O oficial estacionou o carro em frente a um prédio amplo, com, na esquina, um peristilo em semicírculo com colunas destruídas por disparos, sobrepujado por grandes sacadas quadradas vazias e escuras e, bem no topo, uma bandeira com a cruz gamada, pendendo frouxamente de uma vara. “O senhor chegou”, diz acendendo um cigarro. Saí do veículo, abri a bagageira e retirei o meu equipamento. Alguns soldados armados com submetralhadoras mantinham-se sob o peristilo, mas não avançavam. Assim que fechei a mala do carro, o Opel partiu, fez uma rápida manobra e subiu a avenida em direção à estação, chocalhando ruidosamente as suas correntes.
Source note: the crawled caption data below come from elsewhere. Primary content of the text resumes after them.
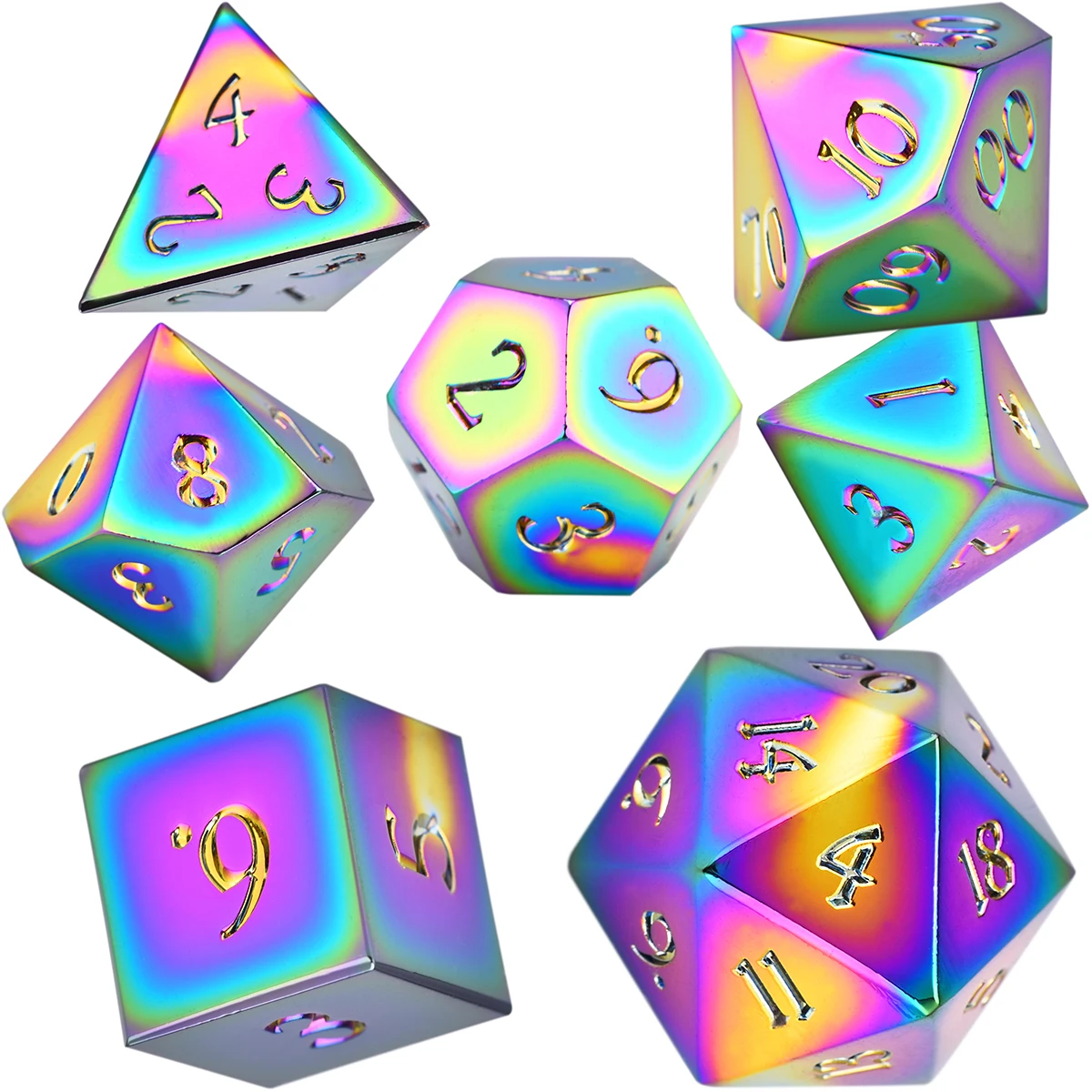 Polyhedral DND Metal Dice Set for TRPGs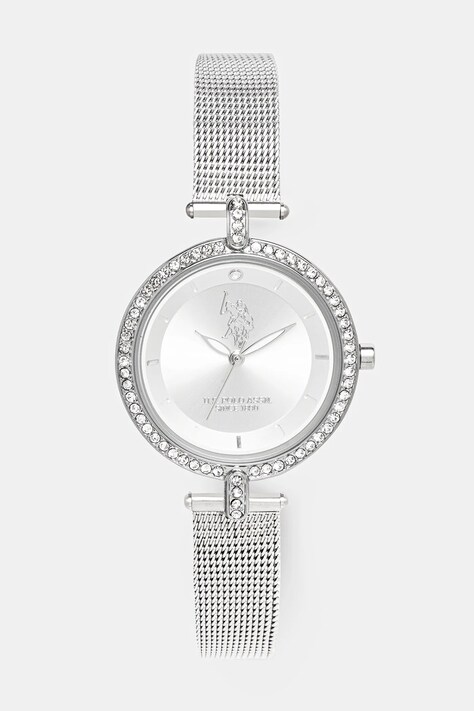 Ρολόι U.S. Polo Assn. NATALIE χρώμα: ασημί, USP8181ST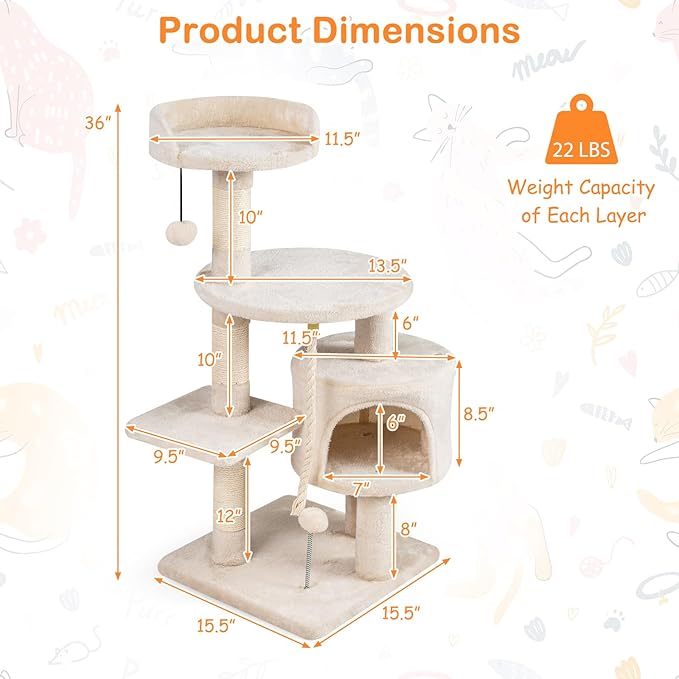 Tangkula 36 Inch Cat Tree Tower, Multi-Level Cat Tower with Condo, Top Perch, Sisal Scratching Posts & Hanging Rope, Spring & Hanging Balls, Climbing Platforms for Indoor Cats and Kittens (Beige)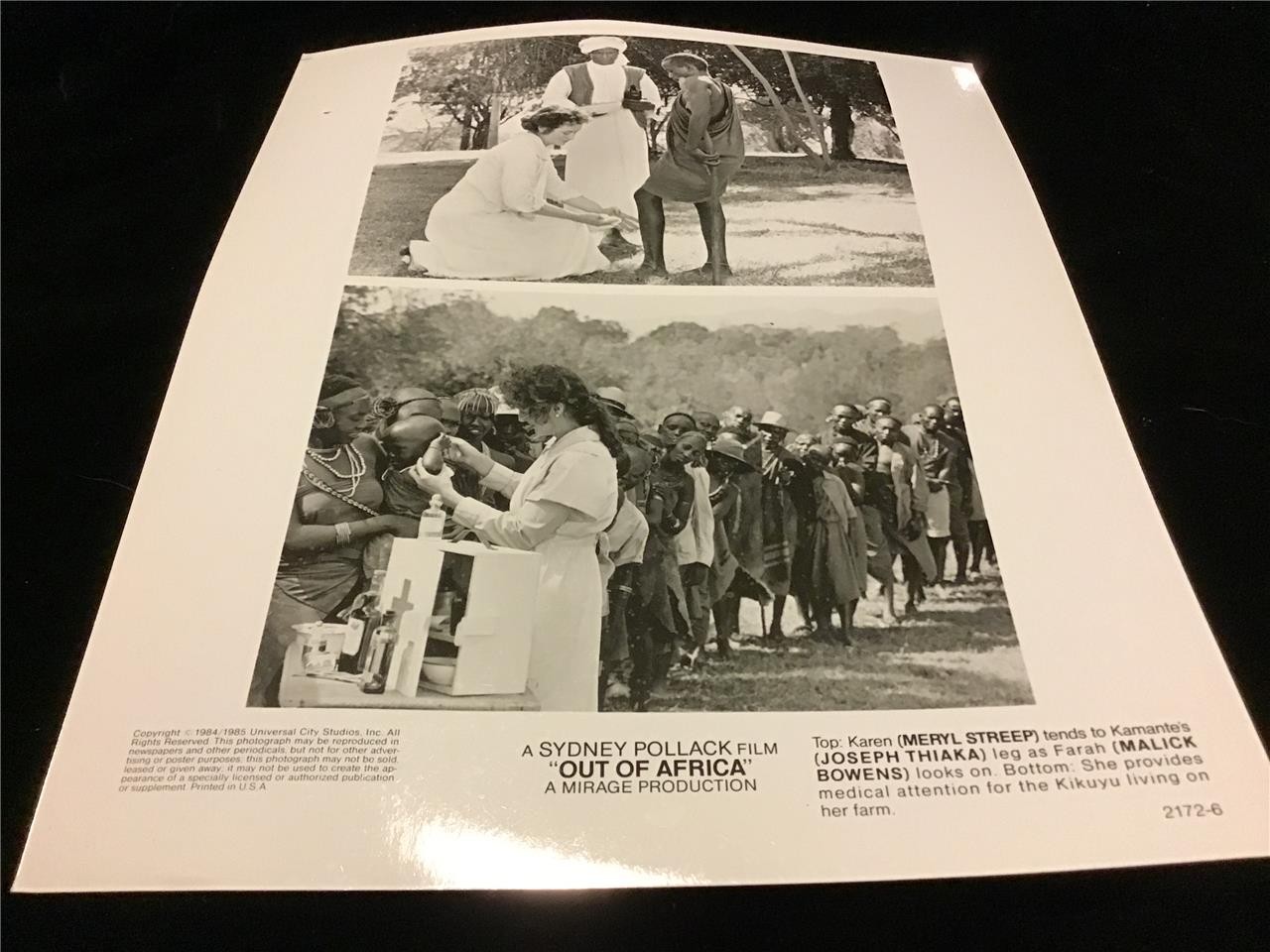 Movie Still Out of Africa 1985 Meryl Streep 8×10 B&W Glossy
Observei a praça desolada: no centro, uma roda de crianças de pedra ou gesso, provavelmente restos de uma fonte, parecia zombar das ruínas em volta. Quando avancei em direção ao peristilo, os soldados me saudaram, mas barraram o caminho. Um deles me pediu os documentos num alemão estropiado e lhe estendi a minha caderneta de soldado. Examinou-a, devolveu-a com uma saudação e deu uma ordem lacónica, em ucraniano, a um de seus companheiros. Este me fez sinal para segui-lo. Subi os degraus entre as colunas, com o vidro e o estuque rangendo sob minhas botas, e penetrei no prédio escuro por uma ampla abertura sem portas. Logo em seguida alinhava-se uma fileira de manequins de plástico cor-de-rosa vestindo os mais diversos trajes: vestidos femininos, macacões de trabalho, fatos completos; as figuras, algumas delas com o crânio rebentado por projéteis, ainda sorriam idiotamente, as mãos erguidas ou apontadas num gestual juvenil e desordenado. Atrás, na penumbra, viam-se prateleiras ainda repletas de utensílios domésticos, vitrines espatifadas ou derrubadas, balcões cobertos de gesso e escombros.

Segui o jovem ucraniano através dos corredores dessa loja fantasma até uma escada vigiada por dois tropas; a uma ordem da minha escolta, afastaram-se para me dar passagem. Fui guiado até um subsolo iluminado pela luz amarela e difusa de lâmpadas racionadas: corredores, recintos fervilhando de oficiais e soldados da Wehrmacht, vestindo uniformes díspares, casacos regulamentares, agasalhos cinzentos de malha, capas russas com insígnias alemãs. Quanto mais avançávamos, mais a atmosfera se tornava quente, húmida, opressiva, eu suava abundantemente sob minha peliça. Continuamos a descer, depois atravessamos uma ampla sala de operações iluminada por um lustre de cristal, com móveis estilo Luís XVI e taças de cristal espalhadas por entre mapas e dossiês; uma ária de Mozart crepitava de um gramofone portátil instalado sobre duas caixas de vinho francês. Os oficiais trabalhavam de calça desportiva, de sandálias e até de short; ninguém me dava a mínima. Além da sala abria-se outro corredor, e vi finalmente um uniforme SS: o ucraniano me deixou ali e um Untersturmführer [patente paramilitar do Schutzstaffel (SS)] levou-me até Möritz.